I approved your post as a non-member, but please sign up for the list: https://stat.ethz.ch/mailman/listinfo/r-sig-meta-analysis 

What kind of outcome/effect size measure are you dealing with? I will venture a guess and assume you are dealing with (log-transformed) ratios of means. The actual sampling variance is then computed with:

vi = sd1i^2/(n1i*m1i^2) + sd2i^2/(n2i*m2i^2)

where m1i and m2i are the means of the first and second group, sd1i and sd2i are the SDs, and n1i and n2i are the group sizes. And the problem is that the SDs are not known (but you do know the means -- as otherwise you would not be able to compute the outcomes in the first place -- and you do know the group sizes).

Here are some thoughts:

Note that the sampling variance can also be written as:

vi = cv1i^2 / n1i + cv2i^2 / n2i

where cv1i and cv2i are the coefficient of variation for the first and second group. Maybe you could make an educated guess how large the CVs are and use that as a rough approximation to the actual sampling variances. Some people have used:

vi = 1 / n1i + 1 / n2i

which actually just implies that we assume that the CVs = 1 within each group.

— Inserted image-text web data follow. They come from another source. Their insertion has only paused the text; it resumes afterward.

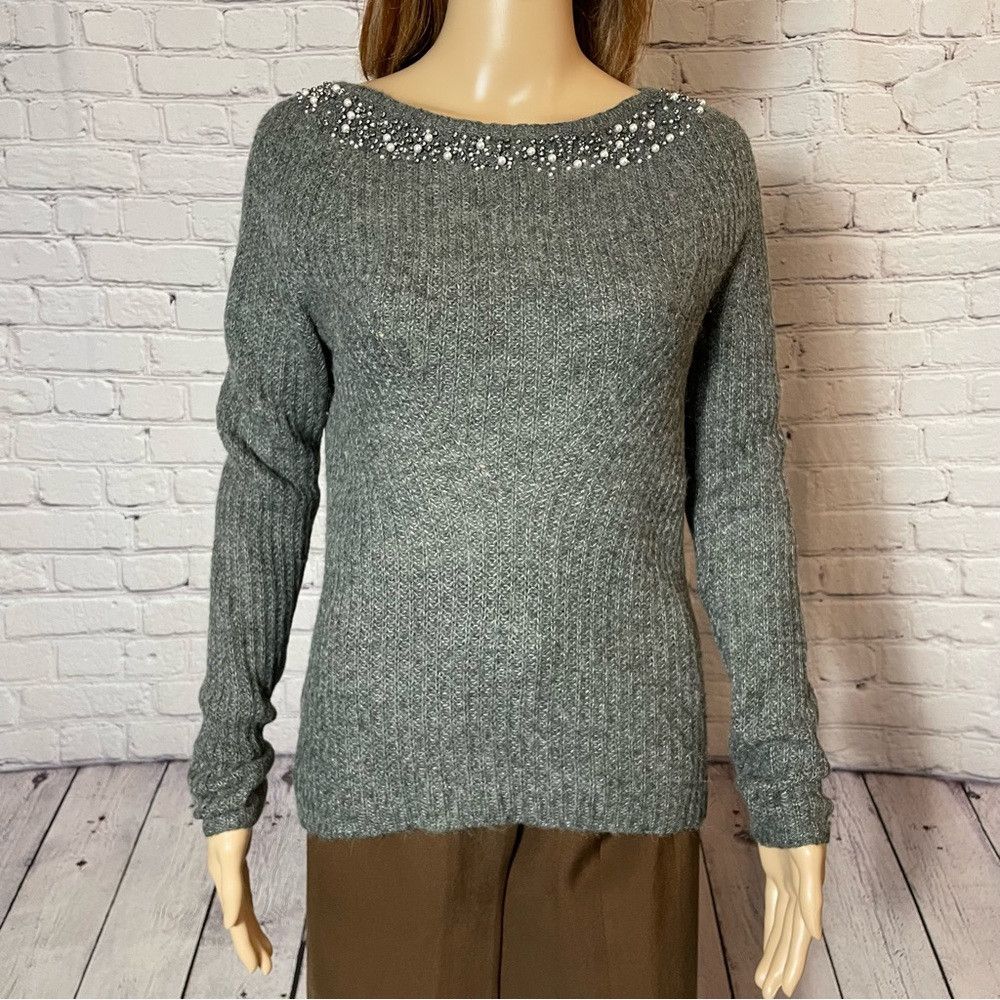 Ann Taylor Ann Taylor Long Sleeve Alpaca Blend Jeweled Collar Gray Swe Size S / US 4 / IT 40 - 9 Thumbnail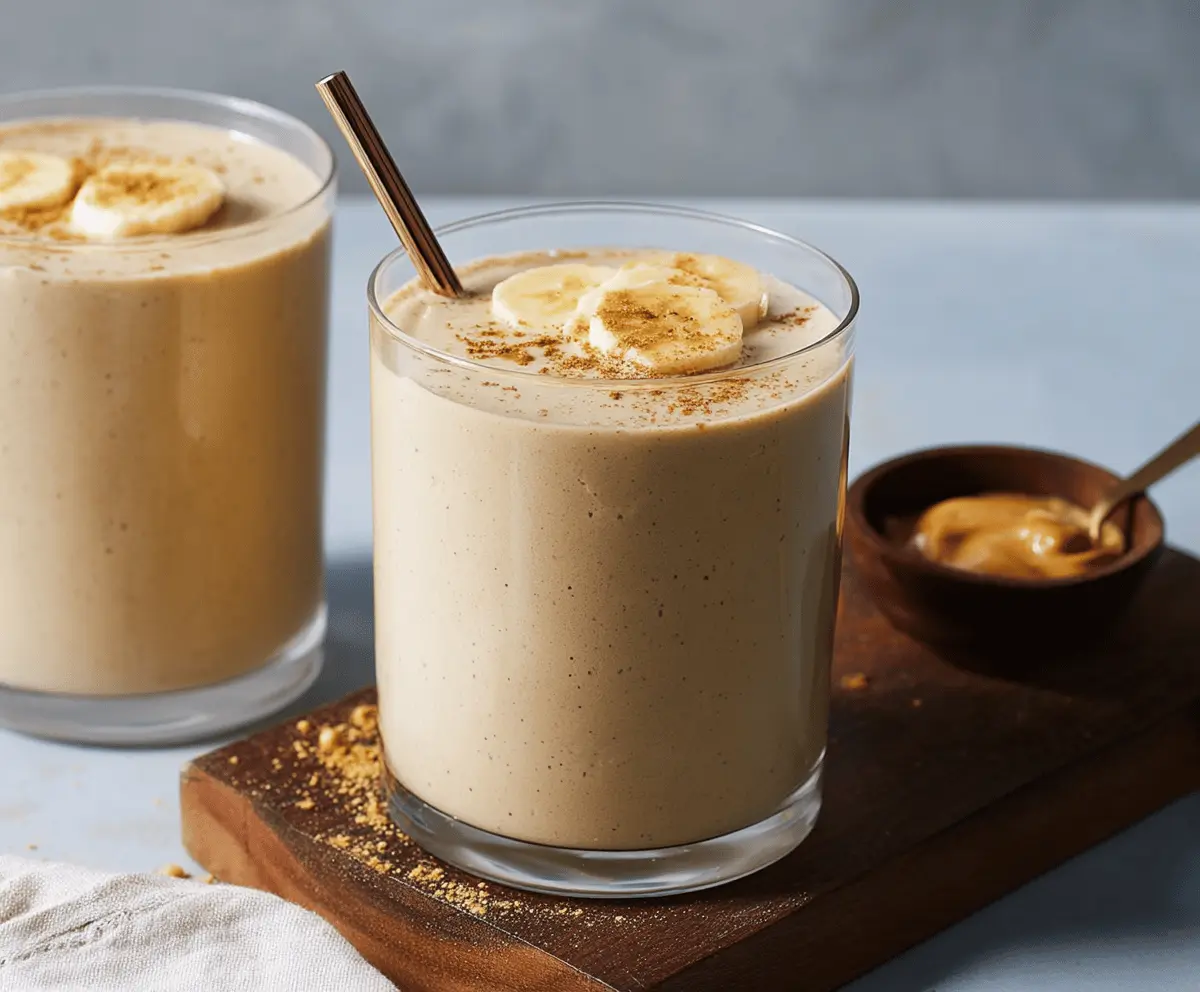 Creamy Banana Peanut Butter Smoothie in a glass with banana slices and peanut butter drizzle.
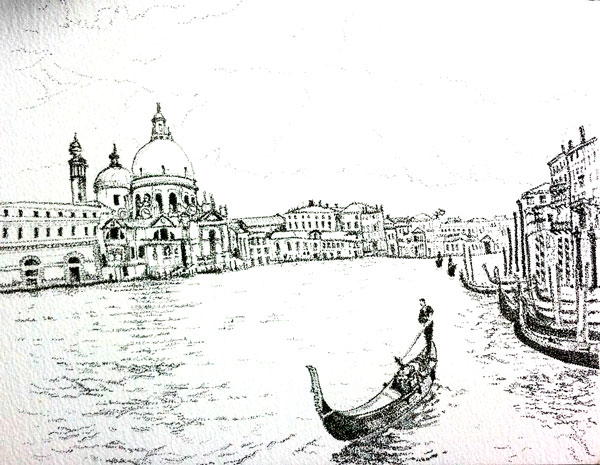 Venice pen and ink drawing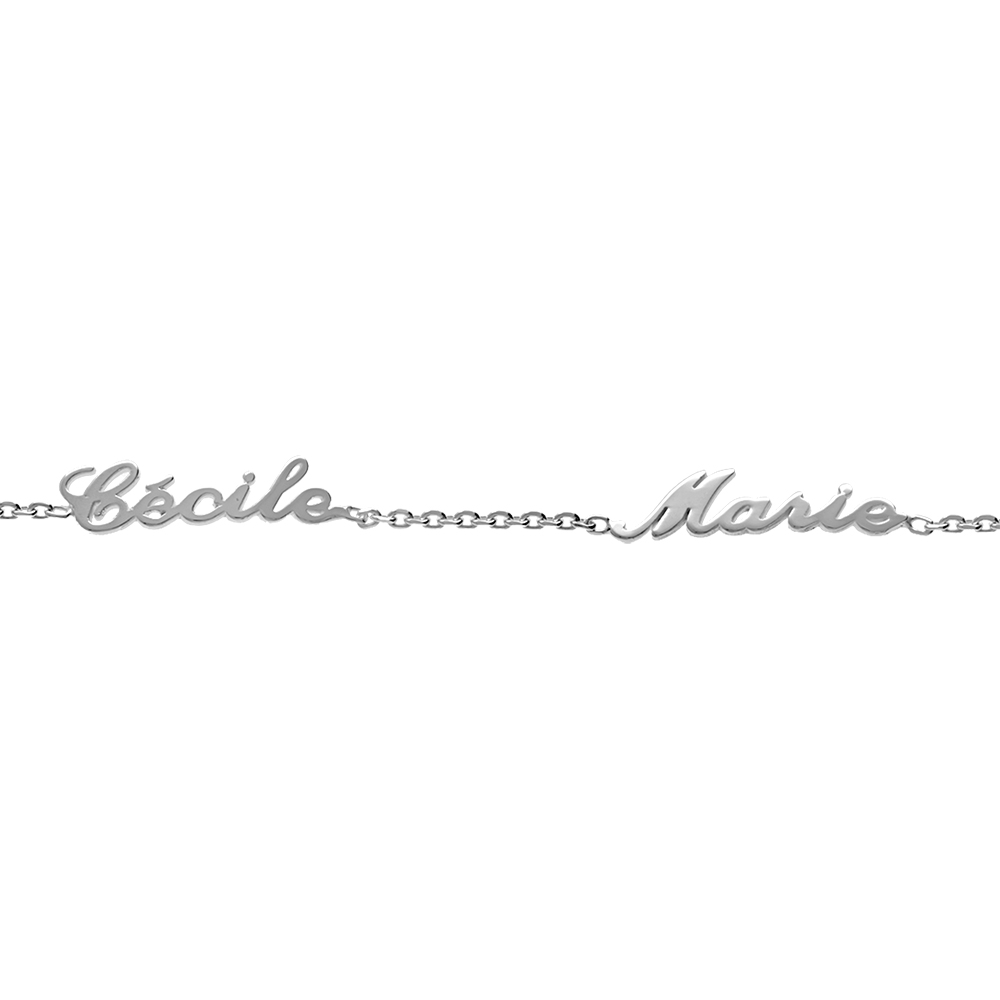 Bracelet en argent chaîne maille forçat avec découpe anglaise 2 prénoms - longueur 18,5cm réglable 17cm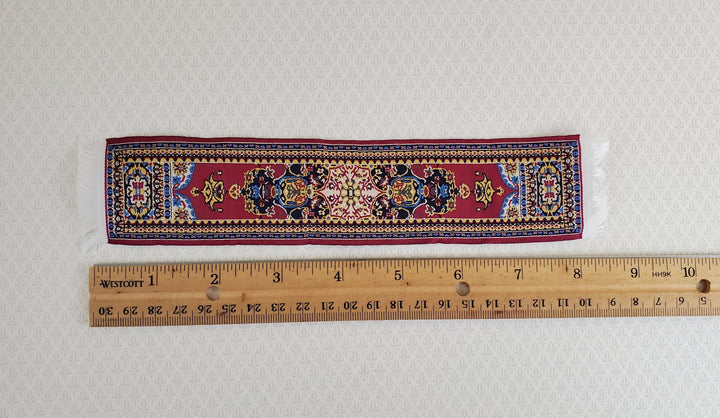 Dollhouse Miniature Narrow Carpet Rug Runner Burgundy Maroon Woven Fabric 1:12 Scale - Miniature Crush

Then fit the model as usual (e.g., rma(yi, vi) where yi are the log-transformed ratios of means and vi the approximate variances). Then you could follow this up with bootstrapping. Code for this can be found here: http://www.metafor-project.org/doku.php/tips:bootstrapping_with_ma

And/or you could consider using robust estimates of the standard errors for the fixed effects. That can be done using the robust() function (see help(robust) for details).

Best,
Wolfgang
#
Dear Dr. Wolfgang,

Thank you for your quick response.

In my dataset, I have sample size (replications) and means for both
treatment and control groups. With that, I am calculating the log response
ratio (lrr) as an effect size. Yes, most of the articles in my search have
not reported SD or CV. I found that many researchers in my field prefer to
weight effect sizes using Wi=(Nt*Nc)/(Nt+Nc); where Nt and Nc are
replicates for treatment and control groups. Here is one link of a paper:
https://www.researchgate.net/publication/315379724_
Increased_plant_uptake_of_native_soil_nitrogen_
following_fertilizer_addition_-_not_a_priming_effect ( Increased plant
uptake of native soil nitrogen following fertilizer addition ? not a
priming effect?).

My understanding is:
1. We can replace 'vi' with 'wi' and conduct the meta-analysis. Also, I
think multiple effect sizes from the study and multiple studies from the
same site will be more correlated with each other. To account for this, I
need to perform multi-level meta-analysis using random statement as
outlined in your website. So, my code looks like:

library(metafor)

dat <- read.csv('C:/Users/resham.thapa/Desktop/data_eg.csv') dat

# Calculating weighted effect size with multiple, nested
location/study/year as random effects.

res <- rma.mv(lrr, wi, random = ~ 1|site_id/study_id/site_year/com_control,
data=dat, method="REML")

res


*Is this correct?*


2.  Then, I need to perform non-parametric bootstrapping by slightly
modifying the codes from your website. However, I always get error while
running it. Any suggestions.


library(boot)

boot.func <- function(dat, indices) {

  res <- try(rma.mv(lrr, wi, random = ~
1|site_id/study_id/site_year/com_control,
data=dat, method="REML", subset=indices), silent=TRUE)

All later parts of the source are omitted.